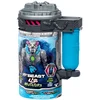 Image de Mr Beast Lab Panthère Métallique MOOSE TOYS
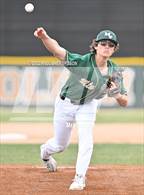 Photo from the gallery "Chatfield @ Mountain Vista"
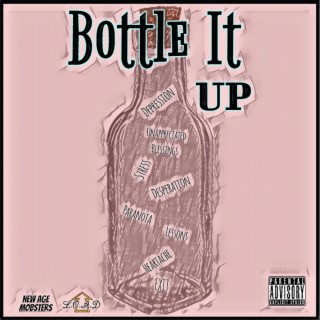 Bottle It Up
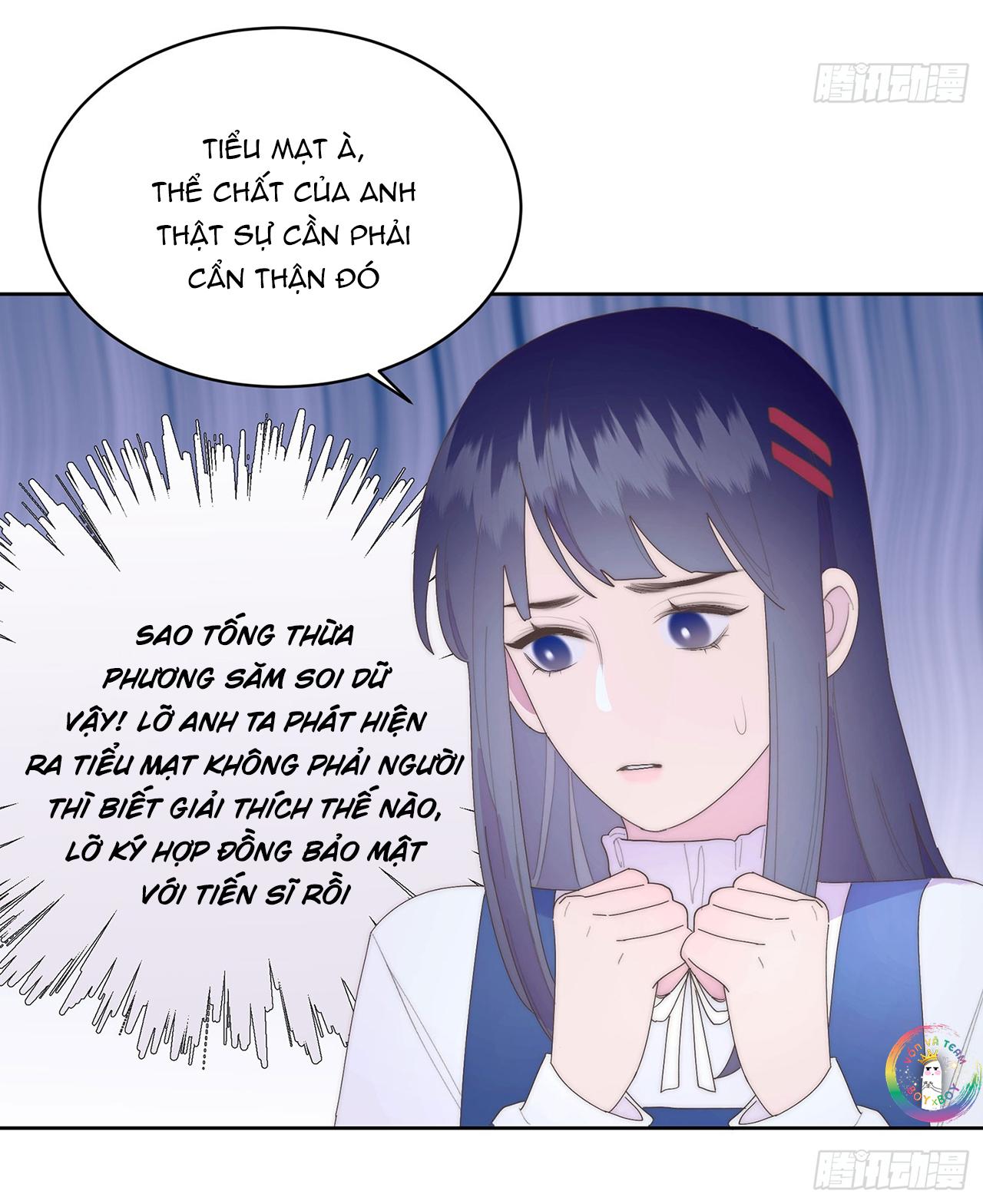 Trang 11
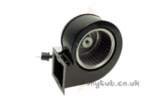Trianco 37195 Fan Assembly
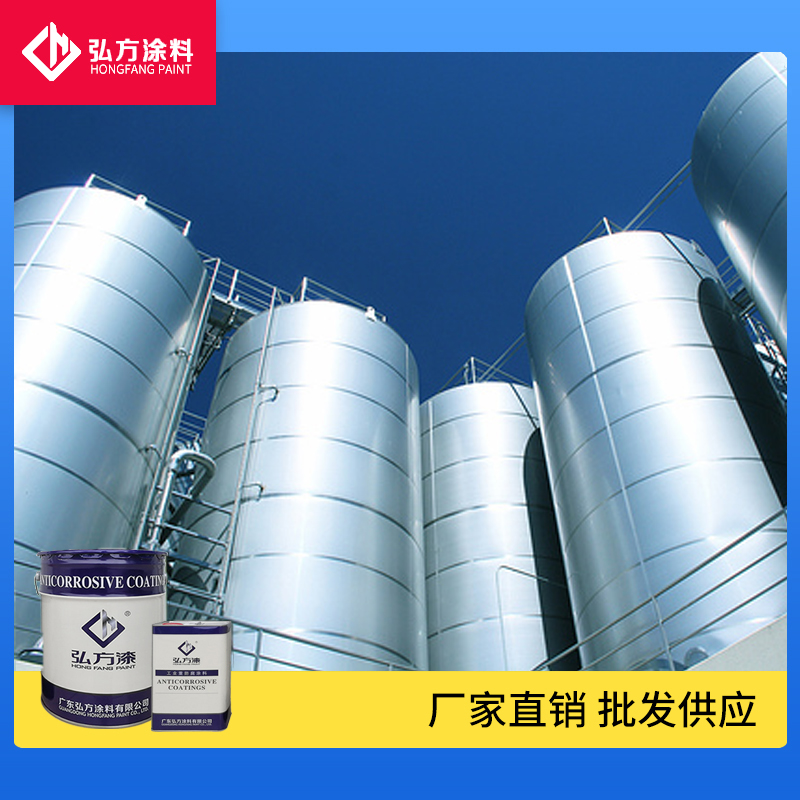 水性環(huán)氧漆有哪些優(yōu)勢以及應(yīng)用趨勢？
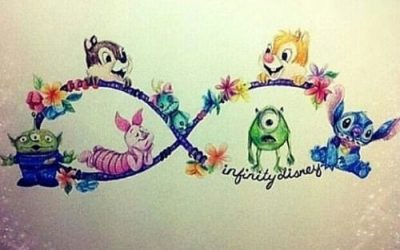 10 filme pe care orice copil trebuie să le vadă până în 13 ani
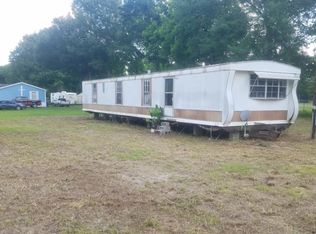 159 Sandra Lee Rd, Opelousas, LA 70570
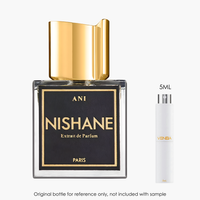 SAMPLE - Nishane Ani Extrait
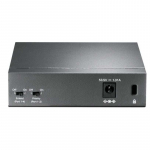 TP-Link TL-SF1005P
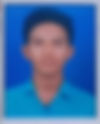 Deepak Phapale Home Tutor in Pune for Science,Math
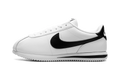 Cortez "White" DM4044 105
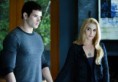 /album/galerie-foto/eclipse-dvd-stills-hq-emmett-cullen-17413020-1102-764-jpg/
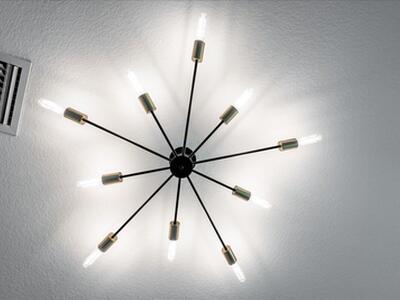 6354 NW Windwood Way, Port Saint Lucie, FL 34987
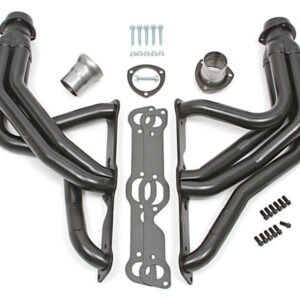 67-69 Fbird 326-455 Hdrs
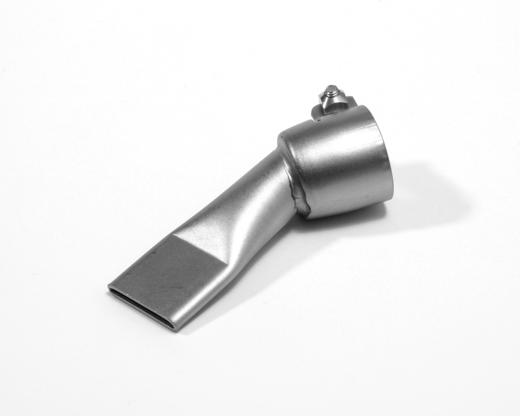 威迪宽槽风嘴20mm 130.631 商品图0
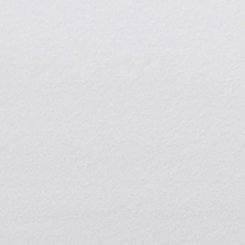 Plus Size Mushroom Foxy High Neck Crop Tank, BLANC DE BLANC, swatch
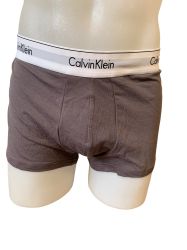 Мъжки боксерки CALVIN KLEIN XL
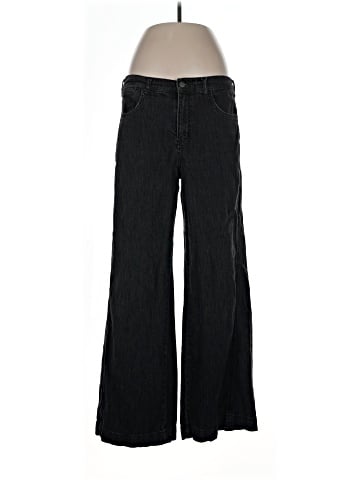 Pilcro Jeans (view 1)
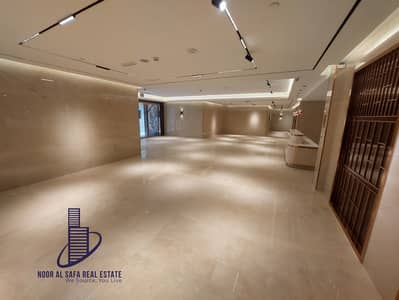 2 Bedroom Flat for Rent in Muwailih Commercial, Sharjah - 20240401_132221. jpg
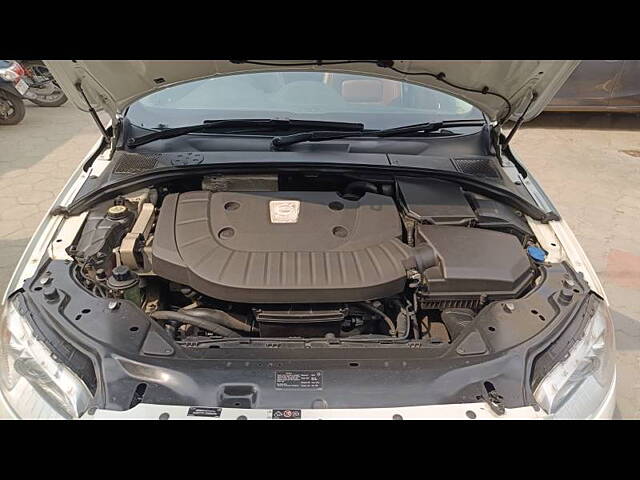 Used Volvo S80 [2015-2017] Momentum in Coimbatore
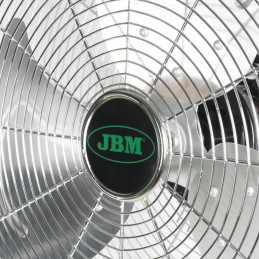Ventilateur sur sol 3 vitesses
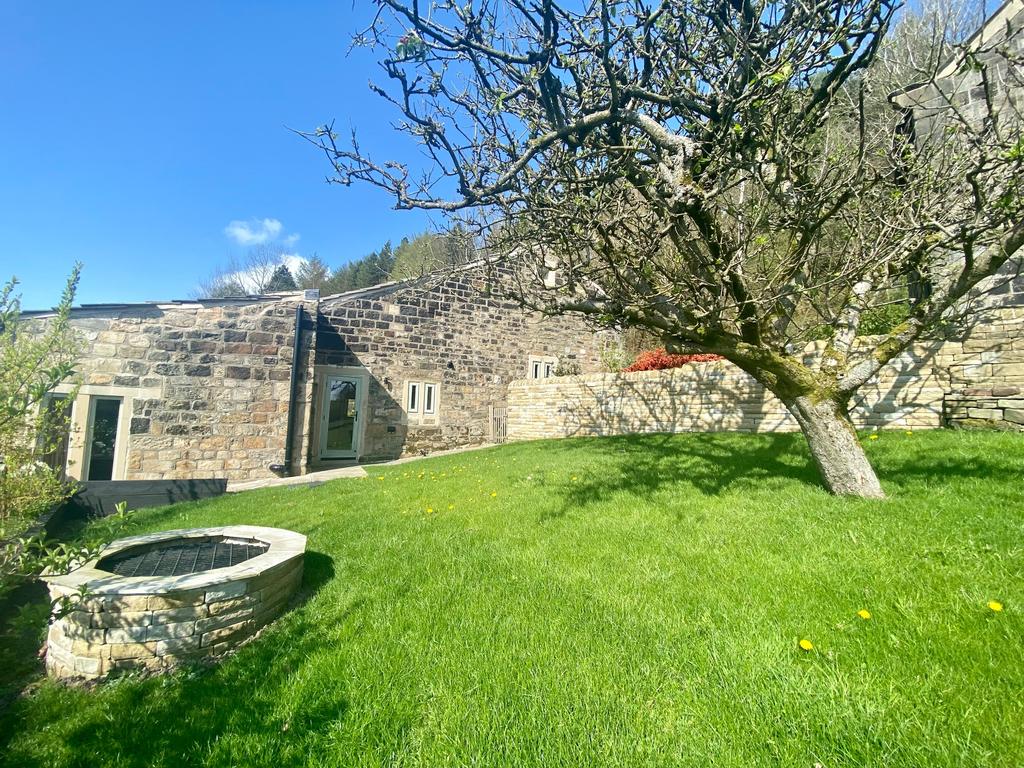 Photograph 20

|---|

Apart from its pictures, the data is to be repeated exactly.

 Image de Mr Beast Lab Panthère Métallique MOOSE TOYS
 Photo from the gallery "Chatfield @ Mountain Vista"
 Bottle It Up
 Trang 11
Trianco 37195 Fan Assembly
 水性環(huán)氧漆有哪些優(yōu)勢以及應(yīng)用趨勢？
 10 filme pe care orice copil trebuie să le vadă până în 13 ani
 159 Sandra Lee Rd, Opelousas, LA 70570
 SAMPLE - Nishane Ani Extrait
 TP-Link TL-SF1005P
 Deepak Phapale Home Tutor in Pune for Science,Math
 Cortez "White" DM4044 105
 /album/galerie-foto/eclipse-dvd-stills-hq-emmett-cullen-17413020-1102-764-jpg/
 6354 NW Windwood Way, Port Saint Lucie, FL 34987
 67-69 Fbird 326-455 Hdrs
 威迪宽槽风嘴20mm 130.631 商品图0
 Plus Size Mushroom Foxy High Neck Crop Tank, BLANC DE BLANC, swatch
 Мъжки боксерки CALVIN KLEIN XL
 Pilcro Jeans (view 1)
 2 Bedroom Flat for Rent in Muwailih Commercial, Sharjah - 20240401_132221. jpg
 Used Volvo S80 [2015-2017] Momentum in Coimbatore
Ventilateur sur sol 3 vitesses
 Photograph 20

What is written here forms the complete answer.